Gretel Ehrlich comes to mind:

…You should hear the way snow

sizzles and shrinks, hisses and rots away.

Overnight someone new steps into

those white thighs and drags herself downhill towards


the next season. A thunderstorm

unties the sky. It composes and decomposes darkness,

and forgives what it has gathered there

by letting it rain…


Ehrlich wrote the poem, “Other Seasons,” out of the center of Wyoming. But it was just as relevant here, during my first high mountain spring, when I was living in a one-room cabin five miles past the Hoback Junction. I read the poem daily as winter’s deep drifts shifted and cracked and slid into mud. The hills across the highway browned, then paled again. Then crept green in the late May rains.  Weather was the language that ordered my life. Erhlich understood it, and I drank her in.


            Driving back from Greg’s, I let my car slide a little as it goes around a bend. I know better than to fight the ice.
In Wyoming, weather is god.  The wind with razor teeth, the steaming river, the mud season. Snow year-round, and a sun that makes us brown.  Not a soul avoids it. It seeps into every corner of our lives: we live seasonally, we fight to remain, we sip on the tenuousness of an economy far from the city.  We dig out our cars and split wood for the stove. We make love watching icicles crawl down the windows.  We can’t help but know snow intimately: in Cheyenne and Ucross and Worland and LaBarge—and Jackson.
In the Hole, too, the god roars.

Monday, March 21, 2011

I've never really been cool anyway

The Blog Age is over, I hear. So passe. No one reads them.
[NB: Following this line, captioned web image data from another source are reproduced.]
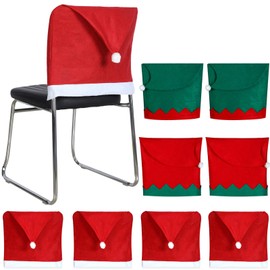 8 Pieces Christmas Chair Cover Non-Woven Santa Hat Chair Cover Elf Hat Chair Covers for Home Restaurant Bar Christmas Party Table Decoration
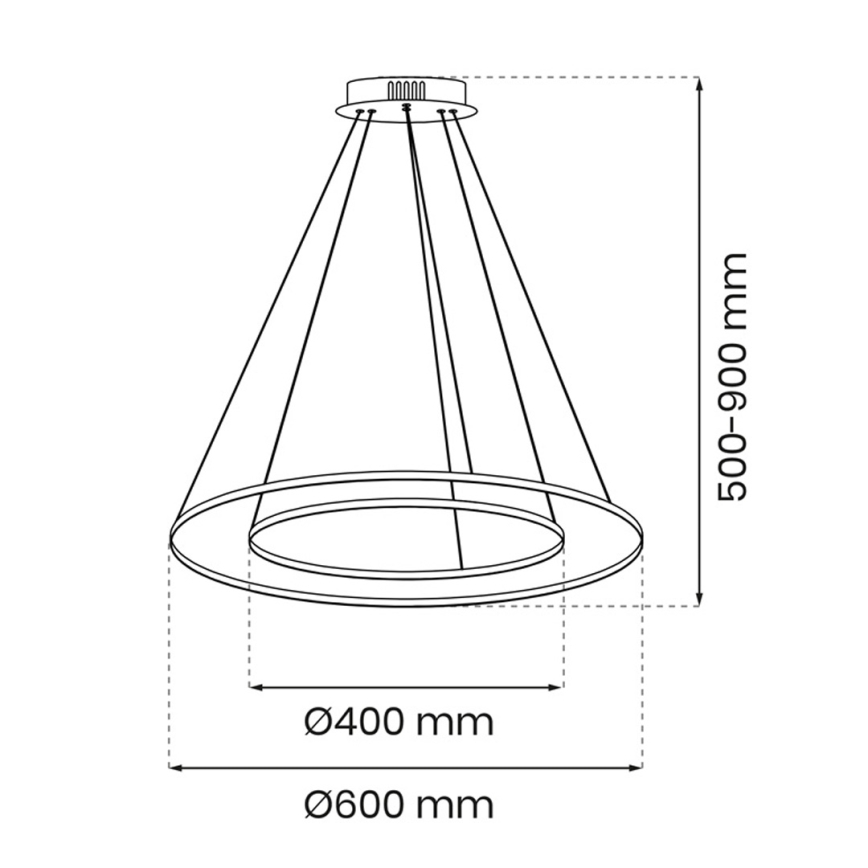 Lámpara LED colgante ROTONDA LED/51W/230V dorado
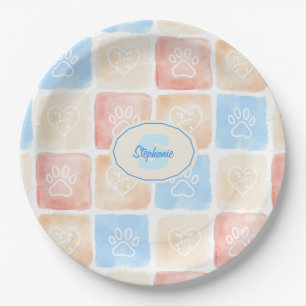 Assiettes En Carton Aquarelle Empreintes de pattes & Coeurs dans les b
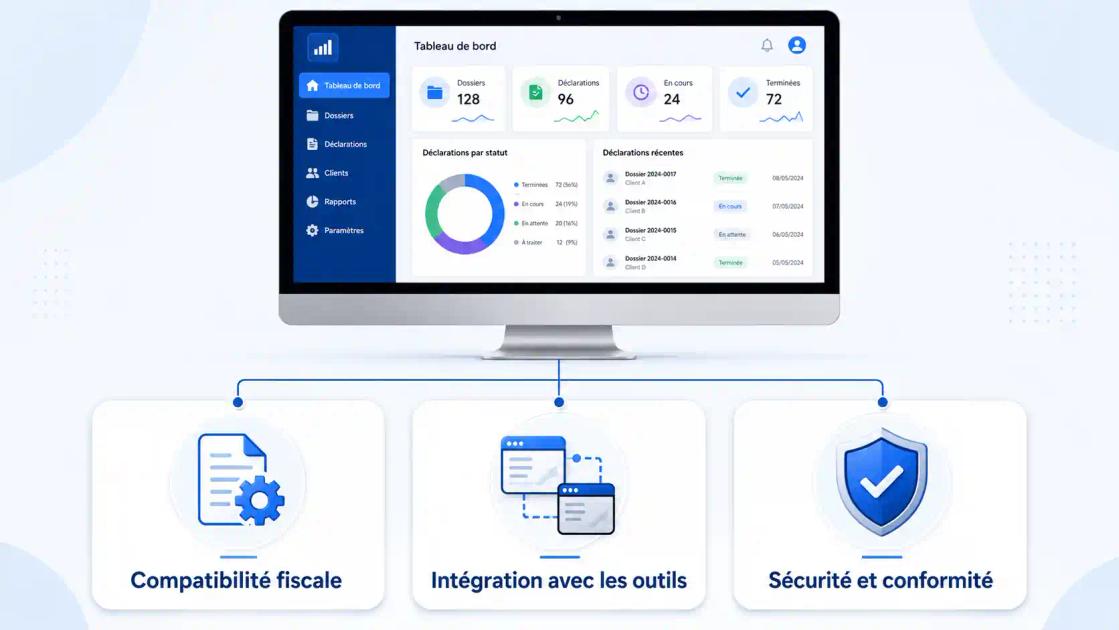 Infographie présentant les trois critères pour choisir un logiciel de liasse fiscale : compatibilité fiscale, intégration avec les outils et sécurité des données.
Twitter and Facebook have dulled our attention spans to a sentence or two.

So why start one now, long after the height?

It’s personal, of course. I created Girl Makes Fire with the intention of easing my own perfectionism. Anyone who knows me will agree that I’m hard on myself when it comes to writing. I don’t let a word out of its locked room until everything is in place. When I invite friends to be editors—and it happens with only a few—it’s deeply private and very vulnerable.

But to be perfectionistic about writing is to cut it off at the source. All too often, I let ideas slip away undeveloped because I don’t have the time or concentration to “do it right.” Opinions that—who knows?—could create change if distributed instead become rants in bars. At some point, it’s important to simply sit down and finish something—and to let someone read it.

Consider Girl Makes Fire my personal writing bootcamp.

This blog is personal. It’s also political. It’s an opportunity to publicly engage with my reactions to books, articles, and news stories. Oh yeah, and life.  The name of the blog, Girl Makes Fire, comes from my sense of myself as one who brings things together. By sharing, I aim to create engagement. By responding, I aim to synthesize experiences.  And whether or not blogs are uncool, anything that can be posted on facebook can drag people into a dialogue.

Flint. Tinder. I am the catalyst, the grated-against steel. Don’t all artists aim to hold these cold objects in their hands, and somehow make a magic flame?

Here I go, bending into the digital ghetto with a megaphone.